Akın ÖZÇER
PKK’nın çöpe attığı Türkiye’deki Çözüm Süreciyle aşağı yukarı aynı dönemde Oslo’da başlayan ve Havana müzakereleriyle devam eden Kolombiya barış süreci, Kolombiya Silahlı Devrimci Güçleri FARC’ın münferit eylemleri nedeniyle yedi kez kesintiye uğramış olsa da, hükümetin müzakere heyeti Başkanı Humberto de la Calle’nin ifadesiyle “olabilecek en iyi” anlaşmayla sonuçlanmış bulunuyor. Anlaşma 2 Ekimde halkoyuna sunulacak.
Altı gündem maddesi üzerinden yürütülen müzakere süreciyle ilgili “Kolombiya barış sürecinde son dönemeç” başlıklı son yazımda altını çizdiğim gibi, “bu başarıda, muhalefetin (…) Çözüm Sürecimizin mimarı Cumhurbaşkanı Erdoğan gibi “diktatör” olmakla suçladığı Devlet Başkanı Juan Manuel Santos’un (…) kararlılığının yanı sıra, FARC’ın süreci PKK gibi torpillememiş olmasının da rolü var. “ FARC, hükümetin süreç boyunca eylemsizliği şart koşmasına ve her eyleminin ardından müzakereleri askıya almasına karşın, PKK’nın 7 Haziran öncesinden başlayarak yaptığının aksine, sürecin mimarı Santos’u devirmek gibi mantık dışı bir hedefe hiç yönelmedi ve barışı içtenlikle istediğini ortaya koydu.

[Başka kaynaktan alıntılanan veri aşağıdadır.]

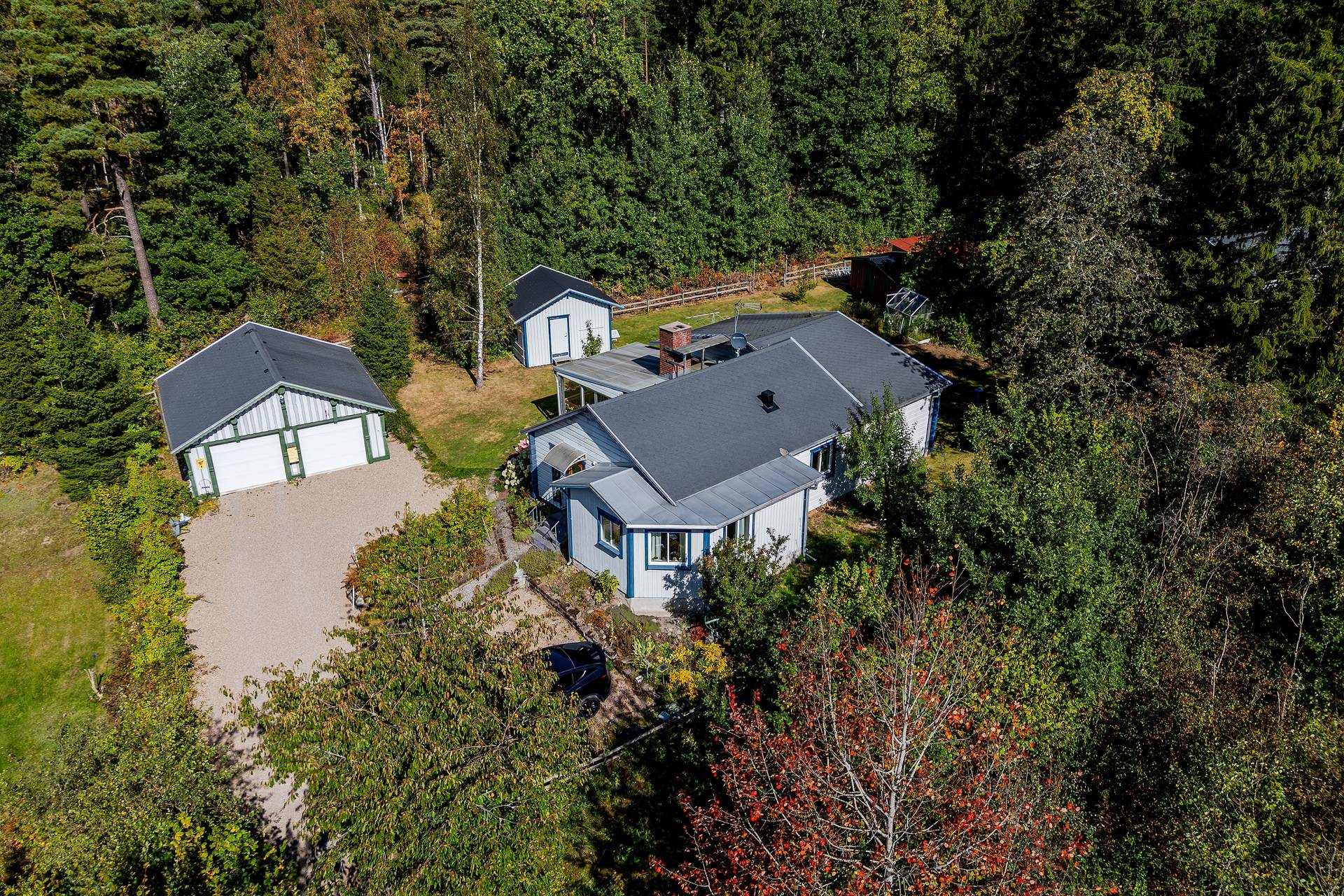 3 rum villa på Sjölanda 5 Sjuntorp, Trollhättans kommun - bild 2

Konunun bu yönü barış süreçlerinin başarısı açısından büyük önem taşıyor. Javier Lafuente, El País’te yayımlanan “El giro de las FARC” (FARC’ın dönüşümü) başlıklı analizinde FARC’ın Oslo’dan itibaren barış yolunda giderek daha olumlu tutum izlediğine, bir dönüşüm geçirdiğine dikkat çekiyor. Terör örgütünün temsilcisi Iván Márquez’in Oslo’da görüşmelere başlarken okuduğu metnin son derece saldırgan ifadeler ve dünyanın artık geride bıraktığı dogmatik kavramlar içerdiğine işaret eden Lafuente, onu dinleyenlerin o zaman sürecin barışla noktalanacağına hiç ihtimal vermediğini de hatırlatıyor. (http://internacional.elpais.com/internacional/2016/08/24/colombia/1472066477_678821.html)

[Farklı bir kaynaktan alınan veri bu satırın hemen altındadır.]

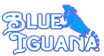 Blue Iguana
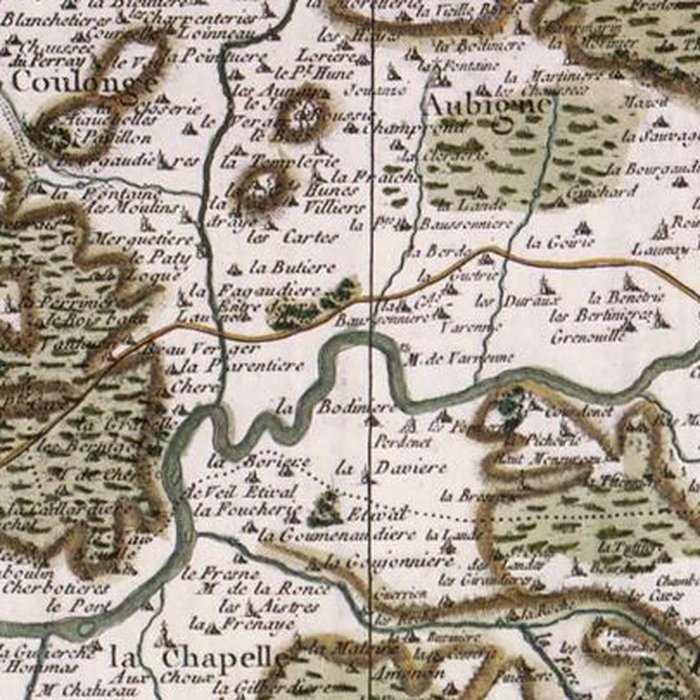 Photo de Site archéologique de Cherré à Aubigné-Racan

Márquez Oslo’da “masaya kalıcı barışa ulaşmak için öneri ve projelerle geliyoruz” demiş ve ardından “barış, devletin derin biçimde askerden arındırılmasını ve gerçek demokrasi, adalet ve özgürlüğün temelini oluşturan radikal sosyoekonomik reformları kapsar” diye eklemişti. Marksist-Leninist örgütün lideri sözlerine şöyle devam etmişti: “Kolombiya’da rejim sadece savaş planlarıyla, paramiliter unsurlarıyla değil, açlığa mahkûm eden ekonomi politikaları ile de öldürüyor. Bugün buraya piyasa denilen şu metafizik katilin maskesini indirmeye, finansal sermayenin suçluluğunu duyurmaya, neoliberalizmi suçlu koltuğuna oturtmaya (…) geldik. “
Lafuente, bugün barışın tarafı olmayı başaran terör örgütü mensuplarının böylesine sanal bir dünyadan geldiklerinin ve güncel gerçeklere adapte olmakta büyük güçlük çektiklerinin altını çiziyor. Ama barış konusundaki kararlılıklarının sonucu bambaşka bir noktaya geldiklerini, FARC lideri Timochenko lakaplı Rodrigo Londoño Echeverri’nin iki ay önce sarf ettiği şu dikkat çekici sözlerle ortaya koyduğunu vurguluyor: “biliyoruz ki hiçbir şey kolay ve hızlı gerçekleşmiyor. Anlıyoruz ki çabalarımızın başlıca kazananları gelecek kuşaklar olacak. Bu nedenle elimizi gençliğe uzatıyoruz. Bu, yeni bir ülke yaratma çağrısı; dolayısıyla barışın ve barışmanın korunması, yeni tür bir siyasi etkinliğin ve (…) çok daha geniş bir demokrasinin geliştirilmesi çağrısıdır.”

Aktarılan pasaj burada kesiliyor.